Source material:

━━━━━━

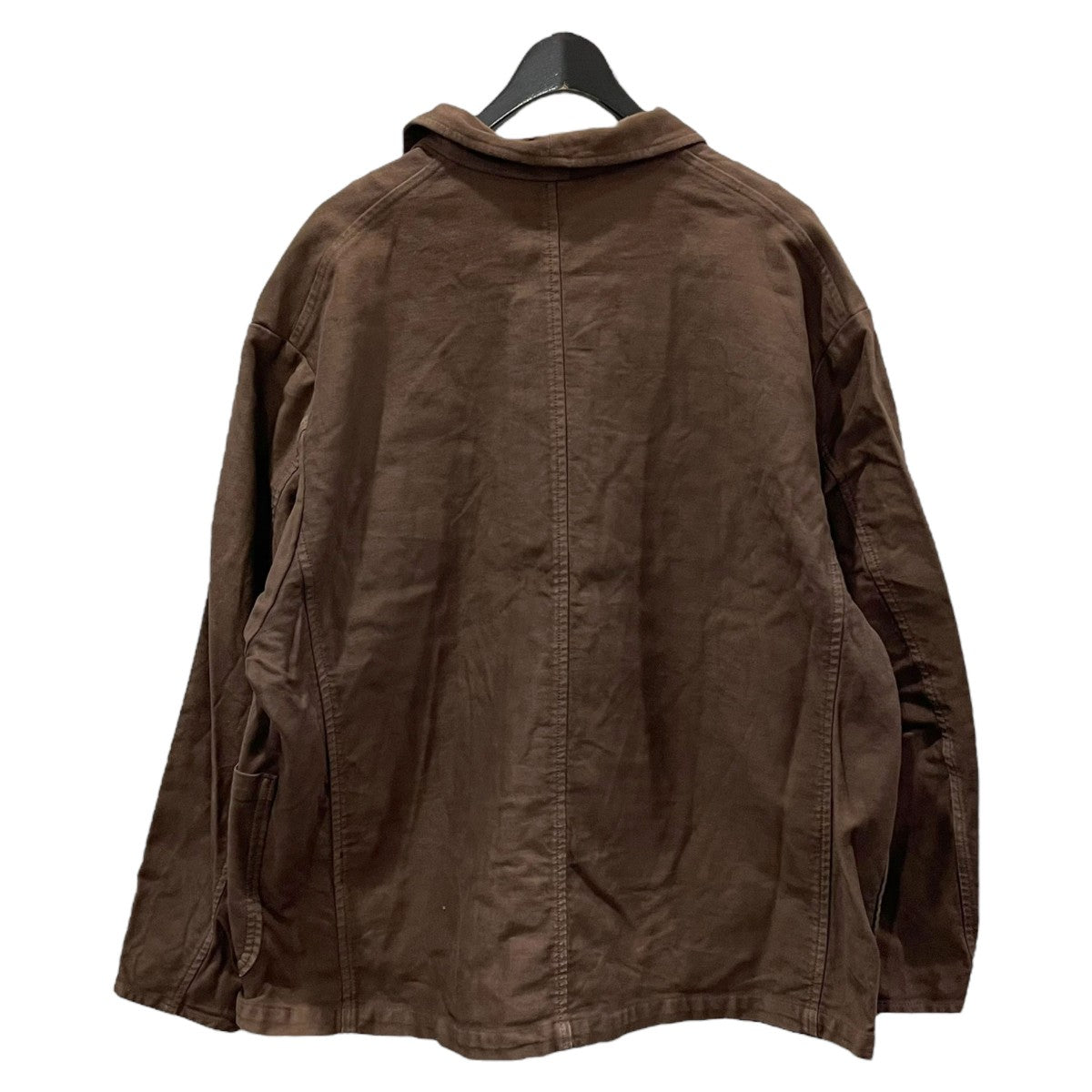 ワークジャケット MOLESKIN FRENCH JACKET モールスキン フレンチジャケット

━━━━━━

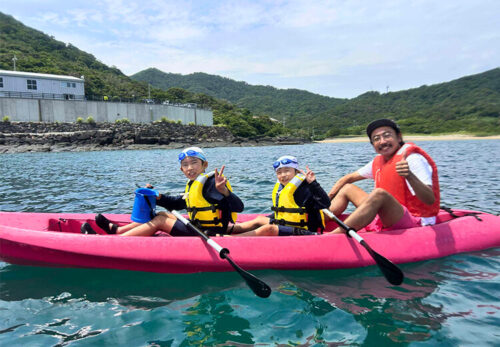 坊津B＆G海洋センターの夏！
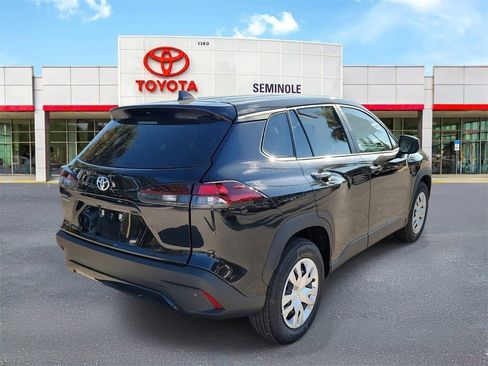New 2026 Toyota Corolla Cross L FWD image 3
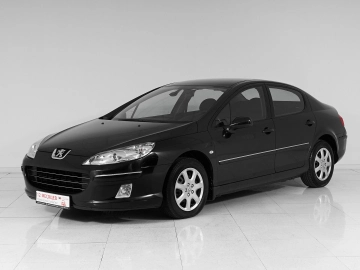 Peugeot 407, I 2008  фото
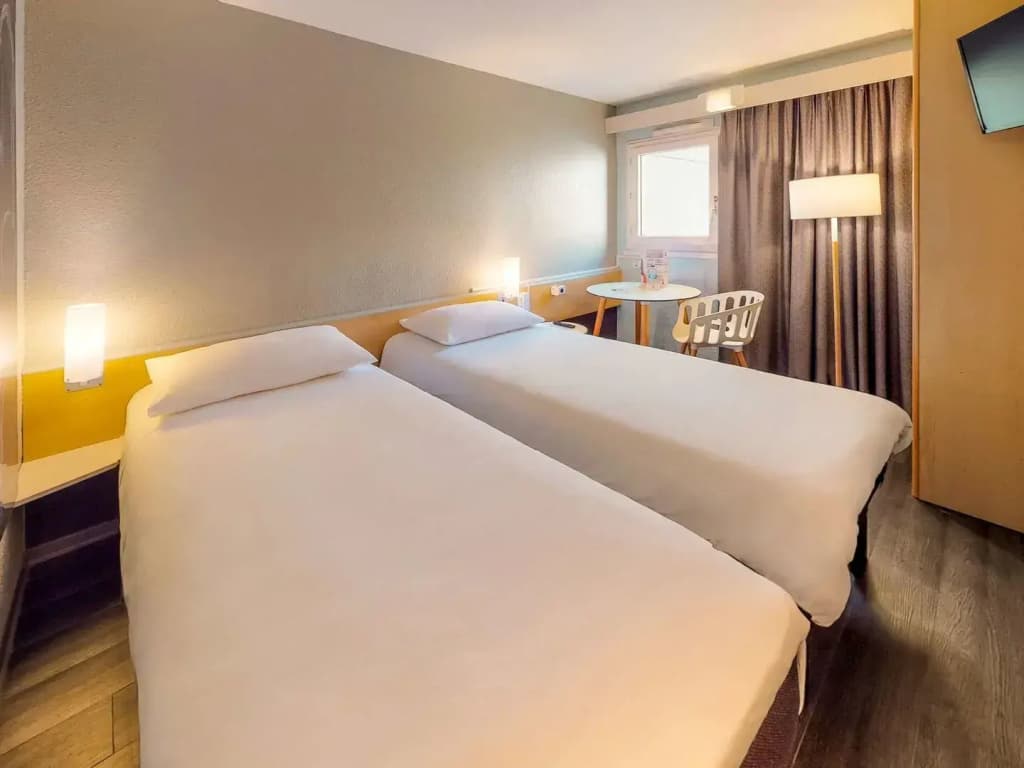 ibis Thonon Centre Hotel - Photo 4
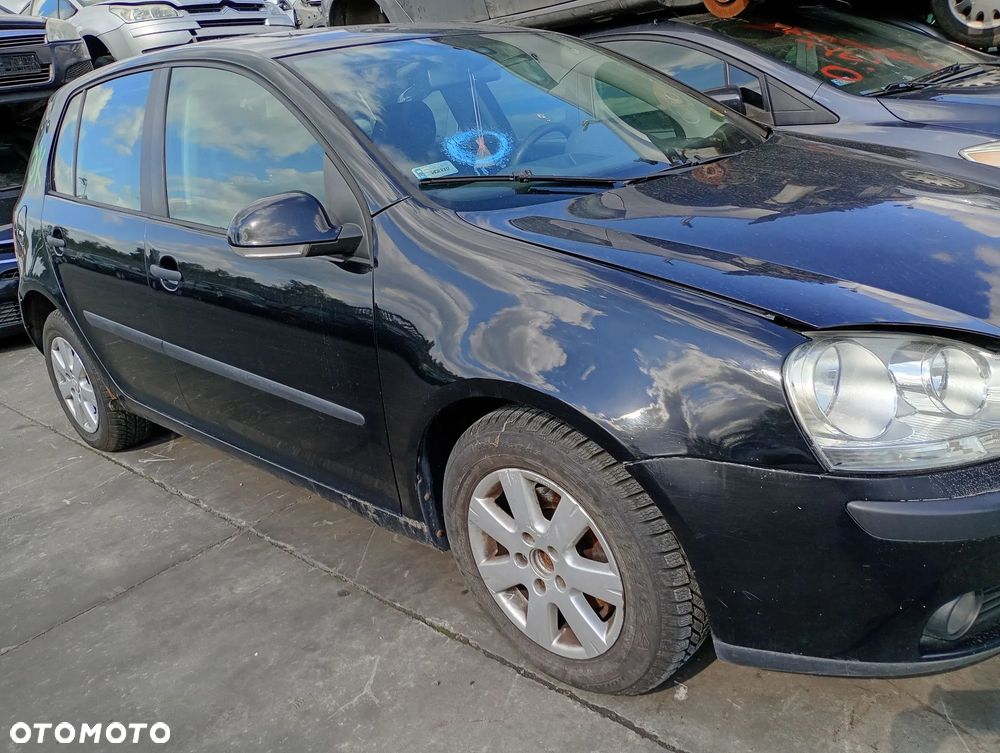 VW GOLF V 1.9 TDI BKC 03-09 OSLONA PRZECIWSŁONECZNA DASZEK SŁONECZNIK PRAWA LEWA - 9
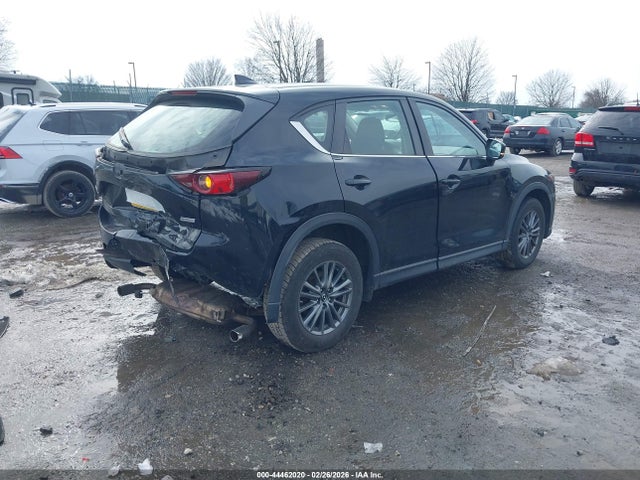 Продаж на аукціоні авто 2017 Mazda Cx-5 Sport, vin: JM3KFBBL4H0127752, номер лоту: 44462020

━━━━━━

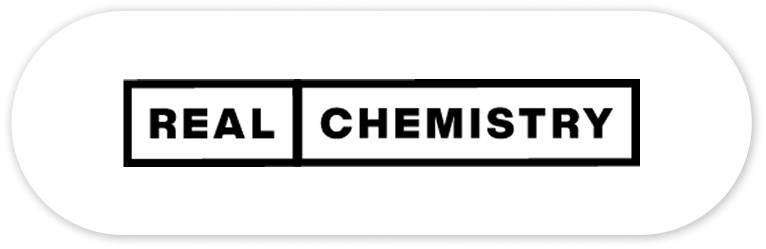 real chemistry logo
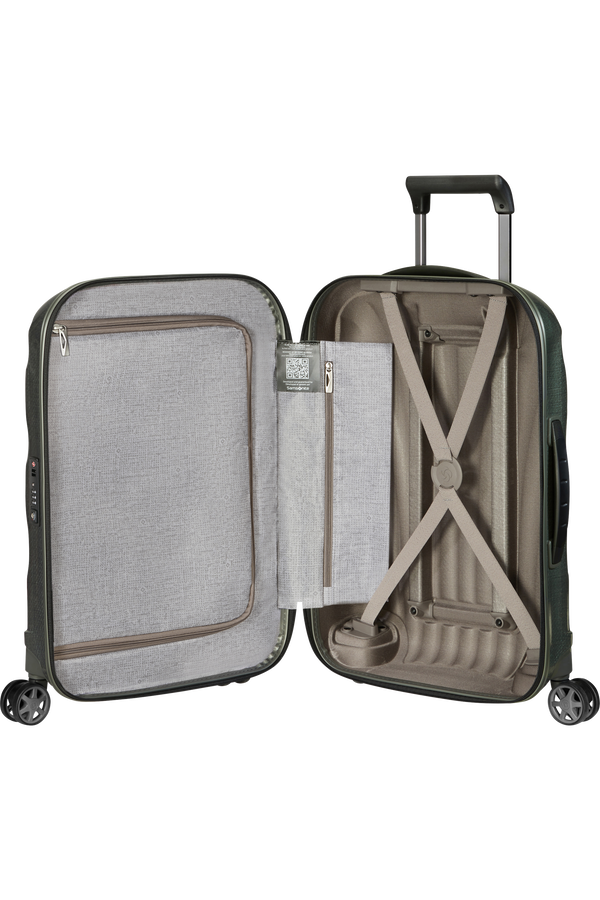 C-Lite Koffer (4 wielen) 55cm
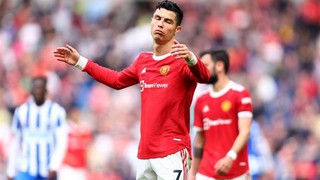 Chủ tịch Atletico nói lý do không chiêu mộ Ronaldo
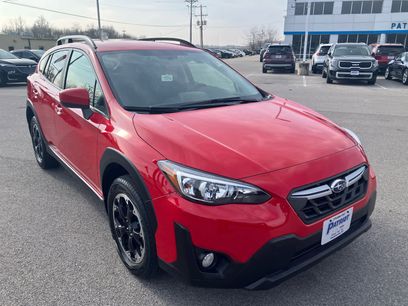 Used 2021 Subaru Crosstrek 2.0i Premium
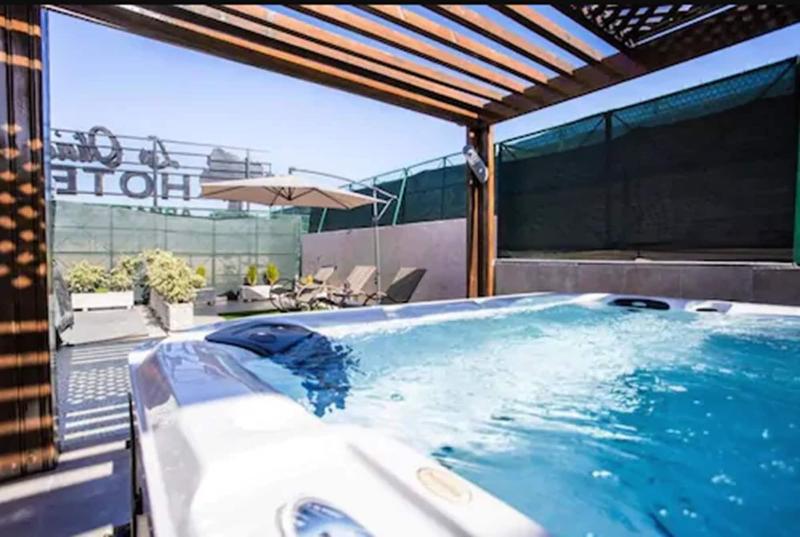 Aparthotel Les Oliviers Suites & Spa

━━━━━━

Problem to work on:
From the records above, output only the lines starting at the one containing "real chemistry logo" and ending at the one containing "Aparthotel Les Oliviers Suites & Spa", word for word. Pictures stay out.

Solution to this problem:
 real chemistry logo
 C-Lite Koffer (4 wielen) 55cm
 Chủ tịch Atletico nói lý do không chiêu mộ Ronaldo
 Used 2021 Subaru Crosstrek 2.0i Premium
 Aparthotel Les Oliviers Suites & Spa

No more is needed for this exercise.